| David
and the other writers of the Psalms were worshippers. They had
great thoughts of God. The marvels of His creation swept them
away in rapturous song. When they considered His greatness,
goodness, and grace, their minds strained to take it all in.
They thought of Him as the Upholder and Controller of all things
and were confounded. The writer of the closing psalms was so
overwhelmed that he called on all creation, animate and
inanimate, to sing the praises of the Lord. All people great and
small, old and young, kings and princes, yes, all angels,
together with beasts, birds, and creeping things should form a
universal choir. He enlists the accompaniment of all kinds of
instruments – harps, trumpets, cornets, timbrels, cymbals, and
organs. His subject is so amazing that he summons the sun, moon,
and stars to join the anthem. The heavens, earth, sea, hills,
mountains, and waters must not be silent. Fire, hail, snow, and
stormy winds have their part. The subject is so breathtaking
that the Lord is worthy of total praise, Ps. 150.

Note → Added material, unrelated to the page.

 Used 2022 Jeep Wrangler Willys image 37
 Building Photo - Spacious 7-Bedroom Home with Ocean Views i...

Yet these psalmists did not
have a Bible. They did not know how the Son of God would come
down to planet earth and be born in a cattle shed, His crib an
animal's feed box. They did not know that wise men would see
their God 'contracted to a span, incomprehensibly made Man'. Nor
did they know that in that manger would lie the One 'who built
the starry skies'. Hidden from their eyes was the truth that the
babe in the manger would be ‘the Eternal Word that spoke the
worlds out of the womb of nothing, that the tiny arms of this
helpless child were the hands of Him who laid the timbers of the
universe’ (lan Macpherson).
They did not know that the
Architect and Maker of the universe would one day wear a
carpenter's apron in a place called Nazareth. Or that He would
‘wander as a homeless stranger in the world His hands had
made'. They would have gasped at the thought of God having no
place to lay His head, or that He would sometimes sleep under
the stars while His followers went to their homes.
Did they realize that God would
actually come to earth and heal the sick, give sight to the
blind, restore limbs to the maimed, cast out demons, and raise
the dead? Or, that in spite of all His kindness, He would be
insulted, ridiculed, and driven out of town?

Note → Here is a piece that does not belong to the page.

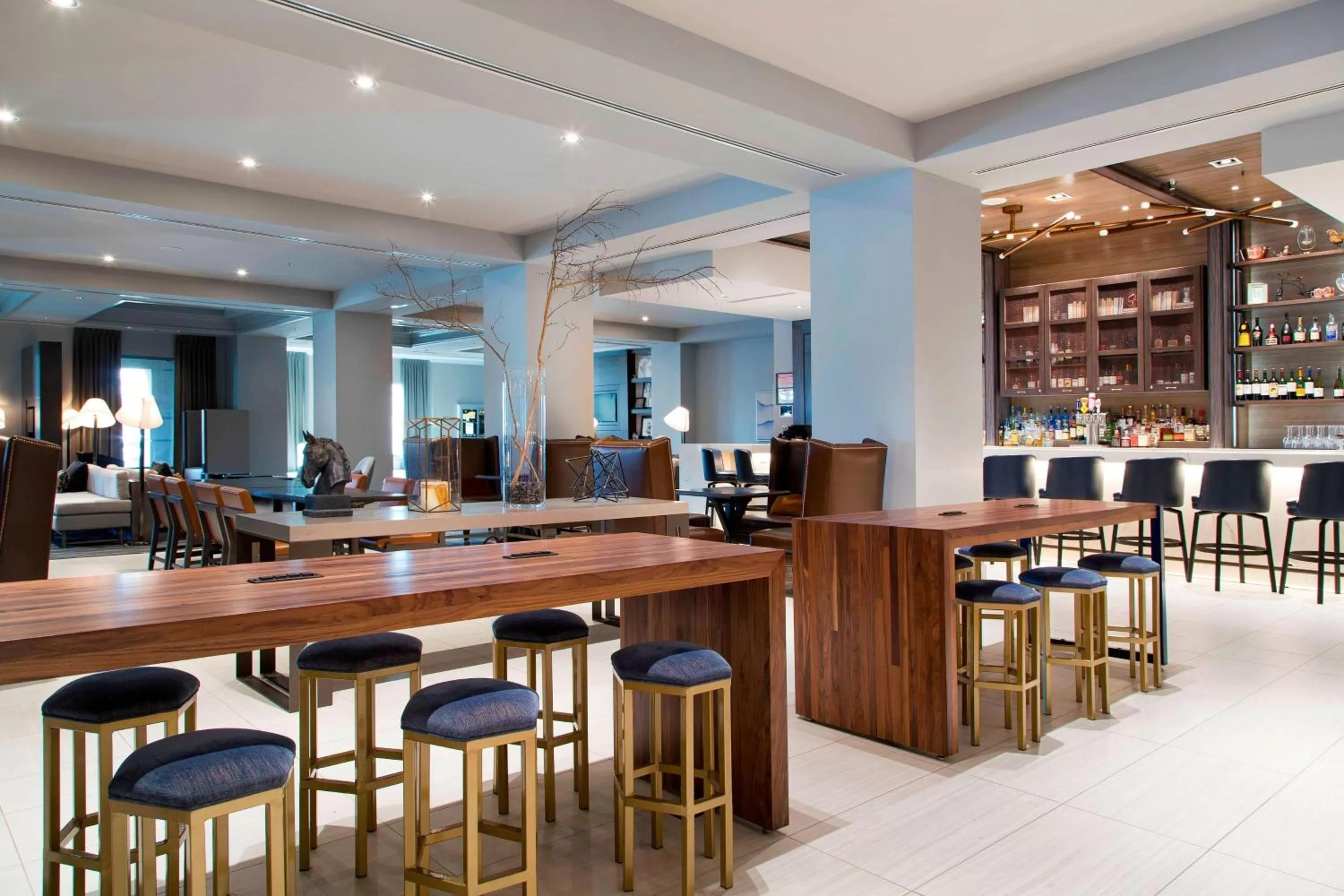 Lounge or bar in Franklin Marriott Cool Springs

It would have been incredible
to them that He, the Judge of all, would be betrayed by one of
His own, arrested,and put on trial. The civil authorities would
find Him innocent, but He would be scourged until His back was
like a furrowed field and He was no longer recognizable as a
man.
The psalmists did not know in
great detail what we now know. At a place called Calvary men
would nail the One who is truly God to a cross of wood. It would
be unimaginable to these Old Testament poets. They would have
shaken their heads to think that the brightness of God's glory,
the express image of His Person, the Maker and Upholder of the
universe, was there on a cross, purging man's sins, Heb. 1. 1-3.
Frail creatures took the One Who is high and lifted up in glory
and lifted Him up on a pole of shame. The heaven of heavens
cannot contain Him, yet He was bound by nails. It was the
Immortal who was dying.
Imagine the torrent of heavenly
harmony that the psalmist's massed choir would have raised if
they could have sung in the words of Charles Wesley:
Amazing love! How can it be
That thou, my God, should die for me?
Or Isaac Watts’ hymn that
says:
Forbid it, Lord, that I should
boast
Save in the death of Christ my God.
They saw through a glass
darkly. At times they had brief glimpses of what would happen,
but the full revelation was not for them to know.
The thought is this. If they,
with the limited knowledge they had, could have poured out such
torrents of praise, worship, adoration, and thanksgiving to the
Lord, how much more should we with what we know about Calvary
and of the One who died there for us.
Once we grasp the truth of what
our God has done for us, of the sacrifice He made to save us, we
will be spontaneous and compulsive worshippers. No one will have
to coax or cajole us to praise the Lord. Our tongues will be the
pen of ready writers. Our lives will be one unending psalm of
praise to Him. In the words of Charles Wesley, we will 'dissolve
our hearts in thankfulness and melt our eyes in tears'. We will
be 'lost in wonder, love, and praise', and 'drowned in love's
mysterious deep'. Like the psalmist we will call on all creation
to join us in singing the excellencies of Him who called us out
of darkness into His marvellous light.